My breeder had all the paperwork for both him and his parents and the guarantee and his microchip record and about 20 articles, and the Vet record for Ted himself, plus the pedigrees for both of his parents.I signed the agreement for the breeder including the non breeding which of course is very important! So much paperwork to go through!


----------



## davetgabby (Dec 29, 2007)

Good stuff. When you come down to earth, give us more. LOL


----------



## Suzi (Oct 27, 2010)

Ah so sweet. Ted looks like he is adjusting well sound asleep in his x pin


----------



## jabojenny (Sep 18, 2011)

Congrats with little Ted, glad your ride home and time home so far have been somewhat uneventful.
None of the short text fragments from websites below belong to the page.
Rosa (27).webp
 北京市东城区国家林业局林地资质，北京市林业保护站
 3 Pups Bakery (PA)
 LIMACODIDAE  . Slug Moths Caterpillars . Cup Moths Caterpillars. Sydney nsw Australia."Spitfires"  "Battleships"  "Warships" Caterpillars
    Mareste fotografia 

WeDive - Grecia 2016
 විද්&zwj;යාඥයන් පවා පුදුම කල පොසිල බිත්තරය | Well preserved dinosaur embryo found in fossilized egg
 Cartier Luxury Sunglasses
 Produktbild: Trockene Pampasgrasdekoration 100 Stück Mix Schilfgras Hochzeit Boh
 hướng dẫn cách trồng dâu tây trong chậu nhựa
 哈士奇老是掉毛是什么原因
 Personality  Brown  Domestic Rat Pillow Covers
He is very cute, enjoy this time it goes very fast!


----------



## lise (Sep 1, 2006)

Second night and Ted slept the whole night in his pen alone! Preferred the tiled floor to the crate as its cooler! He slept in til 5:15:whoo: Yesterday he had many more restful naps in his pen which I think lead to a restful night. My worst problem is going to get him to poo on his pad!


----------



## rokipiki (Oct 15, 2010)

Awww! So dear and cute! I send kisses to those sweet sleeping paw pads!


----------



## lise (Sep 1, 2006)

Even though Joanna said better he not be on the lawn til his next shots, hubby woke up with him this morning and brought him out on the lawn to play. Already Ted is preferring to "go" outside than in!


----------



## Carefulove (Mar 20, 2009)

Aww, what a cutie!!!


----------